Wie eine Finca in Cauca versucht, die Biodiversität zu erhalten
Viele Länder in Südamerika sehen sich mit verschiedenen Umweltproblemen konfrontiert. Rohstoffe werden abgebaut, Flüsse und Seen verschmutzt, und die Wälder nach wie vor abgeholzt. Diese Aktivitäten beeinträchtigen das Leben der Menschen und der Tiere in großem Maße. Es gibt aber auch kleine Versuche, der zunehmenden Umweltzerstörung etwas entgegenzusetzen. Etwa auf der Finca la Alejandría im kolumbianischen Departament Valle del Cauca.
Das Department liegt im Südwesten des Landes. Es umfasst u.a. das subtropische Flusstal des Cauca, besitzt einen Zugang zur Pazifikküste mit der Hafenstadt Buena Ventura und höher gelegene Regionen. Die Departmenthauptstadt Cali und die Pazifikküste sind durch eine kurvenreiche Straße verbunden. Diese schlängelt sich aus der geschäftigen und lärmigen Millionenstadt zunächst einen Berg hinauf. Ungefähr am Kilometer 18 der Strecke befindet sich eine Finca mit dem Namen „La Alejandría“. Im angenehm warmen Nebelwald entstand vor mehr als zehn Jahren ein Vogelschutzgebiet. Bei einem Besuch sprachen wir mit Raúl Nieto, der die Finca zusammen mit seiner Partnerin betreibt.
„Wir sind hier Teil einer Zone, die AICA (area de importancia para la conservación de aves, Bedeutendes Schutzgebiet für Vögel) heißt.
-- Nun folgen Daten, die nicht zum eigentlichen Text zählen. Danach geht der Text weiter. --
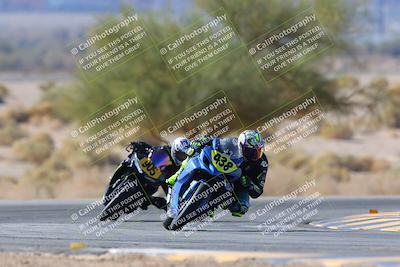media/Mar-21-2025-CVMA Friday Practice (Fri) [[30cd4fe323]]/5-Racer 4/Session 2 (Turn 5 Tree of Life)/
Für die Wasserversorgung der Stadt Cali ist sie besonders wichtig, weil hier der Aguacatal, einer von sieben Flüssen entspringt, die Cali mit Wasser versorgen.“
Nördlich der Finca beginnt ein feuchteres Gebiet mit mehr Niederschlägen, südlich eine trockenere Zone. „Der Sektor besitzt eine sehr hohe Diversität von Vögeln, insgesamt haben wir hier 328 Arten.“
In dieser für Biodiversität günstigen Region begannen sich Raúl Nieto und seine Partnerin vor zwölf Jahren mit dem Thema des Vogelschutzes zu beschäftigen. „Wir begannen aus persönlichem Interesse. Ein Jahr später kamen die ersten Leute. Sie machten Fotos, und nach und nach wurden wir bekannt“, meint Nieto, der gebürtige Argentinier. Aber wie errichtet man eigentlich eine Vogelschutzzone? „Als wir herkamen, gab es hier ein Haus, das seit 40 Jahren verlassen war. Ich begann aufzuräumen und stellte einige Blumenkübel vors Haus. Dann kamen die ersten Colibris“, erzählt Nieto. „Es war auch etwas Emotionales. Die Colibris ernähren sich von Blumen. Ich schnitt die Blumen und nahm ihnen damit die Nahrung weg.“ Gewissermaßen als Ausgleich stellte Nieto eine Flasche mit Zuckerwasser auf, um den Vögeln eine neue Nahrungsquelle zu bieten. „Nach einiger Zeit sammelten sich Colibris um die Flasche. Erst fünf, später mehr. Ich stellte eine zweite Flasche auf.“ Die zweite Nahrungsquelle lockte weitere Vögel an, bis Nietos Partnerin eines Morgens feststellte: „…Hier ist alles schwarz vor lauter Vögeln“, erinnert sich Raul Nieto.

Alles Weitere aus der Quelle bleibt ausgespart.